Essa visão fatalista ignora que o sertão nordestino há séculos serve de palco para o desenrolar de um grande épico de sobrevivência, construído dia a dia pela ingenuidade natural e obstinação de todas as formas de vida que lá habitam. Formada por uma vegetação altamente adaptada à falta crônica de água, ornada por uma flora típica e própria, a Caatinga há muito deixou de ser considerada, ao menos em termos botânicos, como uma simples degeneração da Mata Atlântica. Na realidade, trata-se de um dos biomas mais especializados do mundo, parte integral e única do extraordinário patrimônio natural brasileiro.
Todavia, diferentemente da floresta amazônica, do Pantanal, e até mesmo do Cerrado, a Caatinga ainda não encontrou seu espaço próprio na consciência nacional, que vira-e-mexe prefere rejeitá-la, como se fosse uma filha a quem se nega paternidade, nome e pensão.

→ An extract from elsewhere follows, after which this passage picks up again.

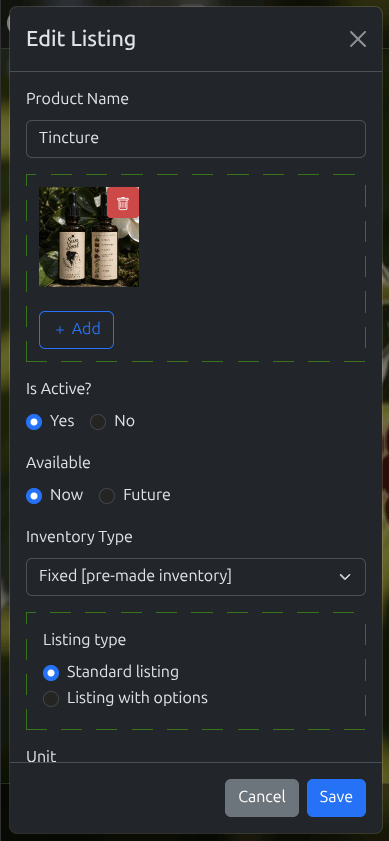 Tekel mobile listing editor with photos inventory and availability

O fascínio que atrai milhares de brasileiros a visitar as inúmeras e exuberantes praias do Nordeste esvai-se em segundos quando o sertão é mencionado como uma nova provável fronteira de desenvolvimento que começa a se desenhar no horizonte futuro do País. Improvável, respondem de imediato os mais gentis e cautelosos. Impossível, bradam os chamados realistas. Inimaginável, decretam os fatalistas. O que pode crescer e prosperar nesses infindáveis e desolados jardins de cactos, perguntam todos em coro?

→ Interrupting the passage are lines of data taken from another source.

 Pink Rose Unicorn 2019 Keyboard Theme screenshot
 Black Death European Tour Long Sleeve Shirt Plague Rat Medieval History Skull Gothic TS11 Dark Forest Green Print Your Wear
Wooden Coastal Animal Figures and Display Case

Durante uma viagem de alguns dias por muitos recantos extraordinários do interior da Paraíba e do Rio Grande do Norte, encontrei a resposta para esta pergunta. E ela não poderia ser mais singela e simples. São flores, muitas flores, que brotam desses jardins de cactos, outrora abandonados pelo ocaso predito, para colorir a paisagem desse sertão com matizes de esperança e sonho.
E é a partir dessas ainda frágeis florescências, tão inesperadas quanto belas, que desabrocha a concreta sensação, para quem o visita, de que o destino do Nordeste brasileiro, dado como natimorto inviável, pode se transformar numa inesperada fronteira de desenvolvimento e progresso, com repercussões significativas para todo o Brasil e o mundo. Em bom português, para quem tem olhos e quer ver, o Nordeste pode e tem tudo para se transformar na nossa Califórnia.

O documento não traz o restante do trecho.